Regulatory Restrictions: Multi-cap funds must invest at least 25% in large-cap, mid-cap, and small-cap stocks, which can hinder the fund manager’s ability to exploit market opportunities.
Top multi-cap mutual funds
Given the abundance of investment opportunities, selecting the appropriate fund can seem impossible. Several multi-cap mutual funds have been very successful, producing above-average returns year after year.
A few of the multi-cap mutual funds showing exceptional performance are:
Scheme | Year-to-date return |
Quant Value Fund | 14.06% |
Quant Flexi Cap Fund | 13.39% |
Quant Mid Cap Fund | 12.49% |
Quant Small Cap Fund | 11.38% |
Quant Large & Mid Cap Fund | 10.19% |
Quant Large Cap Fund | 9.95% |
ITI Mid Cap Fund | 9.49% |
Kotak Multicap Fund | 9.45% |
Quant Focused Fund | 9.34% |
SBI Long-Term Equity Fund | 9.31% |
The best multi-cap mutual funds will be those that fit your investing objectives, risk tolerance, and time horizons. Never forget that you should always do research before investing and remember that results from the past are no guarantee of future profits.
How to invest in multi-cap mutual funds
A few simple steps are all it takes to invest in multi-cap mutual funds:
Choose the right platform: Find a trustworthy app or platform that lets you invest in various mutual funds.
Select the fund: Select the Multi Cap Fund that best suits your investment needs by navigating to that section.
Investment mode: Both lump sum investments and Systematic Investment Plans (SIPs) are available; select as per your needs.
Provide KYC details: Your PAN number and banking information is part of the Know Your Customer (KYC) details you must provide.
The significance of disclosing KYC information is paramount.
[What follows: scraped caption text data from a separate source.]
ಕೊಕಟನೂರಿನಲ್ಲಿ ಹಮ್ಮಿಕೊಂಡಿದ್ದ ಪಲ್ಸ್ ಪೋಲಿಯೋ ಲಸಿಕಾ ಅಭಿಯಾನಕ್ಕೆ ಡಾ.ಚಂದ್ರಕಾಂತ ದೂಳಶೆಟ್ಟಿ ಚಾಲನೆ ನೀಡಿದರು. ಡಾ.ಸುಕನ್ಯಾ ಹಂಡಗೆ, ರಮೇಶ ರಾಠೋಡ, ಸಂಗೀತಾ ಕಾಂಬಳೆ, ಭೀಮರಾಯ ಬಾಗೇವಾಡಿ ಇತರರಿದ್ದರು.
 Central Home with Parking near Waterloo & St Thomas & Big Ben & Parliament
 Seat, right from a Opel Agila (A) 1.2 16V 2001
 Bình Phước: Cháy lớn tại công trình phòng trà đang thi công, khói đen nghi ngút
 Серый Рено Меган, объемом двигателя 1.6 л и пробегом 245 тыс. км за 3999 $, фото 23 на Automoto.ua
It is stated in the Prevention of Money Laundering Act 2002 that Know Your Customer (KYC) procedures are now obligatory. As a result, mutual fund companies can verify their clients’ identities and prevent the investment of illicit funds.
Bottomline
Investing in multi-cap mutual funds allows you to see the performance of companies in a wide range of industries and sizes. Diversification, flexibility, and higher returns are just a few advantages they offer.
These investments come with their own risks, so it’s crucial to do research before putting your money into them.
FAQs
Mid-cap mutual funds primarily invest in mid-sized companies ranked 101 to 250 in terms of market capitalisation. These funds may offer higher growth potential but can be more volatile. On the other hand, multi-cap mutual funds invest across large, mid, and small-cap companies, offering a diversified portfolio.
Multi-cap funds are ideal for investors who seek diversification across market sectors and sizes. They are suitable for those with a moderate risk appetite and for first-time equity investors due to their balanced portfolio. However, thorough research and understanding of one’s financial goals are essential before investing.
Companies with any market cap size, from large to small, can be invested in by a Flexi-Cap Fund, an open-ended, dynamic equity scheme. Multi-cap funds must invest at least 25% each in large, mid, and small-cap stocks, offering a balanced portfolio. Flexi-cap funds, however, have no such restrictions and can invest across market caps based on the fund manager’s discretion. The choice between the two depends on your investment goals and risk tolerance.
Yes, you can have multiple mutual fund accounts. Mutual funds allow the registration of multiple bank accounts in their records. Additionally, a joint mutual fund account can have up to three account holders, each with equal rights and authority to operate the account. Always ensure your investments align with your financial goals.
Yes, investing in multiple mutual funds can be beneficial for diversification and gaining access to professional asset management. However, it’s important to avoid over-diversification and higher transaction costs. Also, mutual fund overlap, which occurs when multiple funds hold similar securities, should be considered as it can compromise diversification.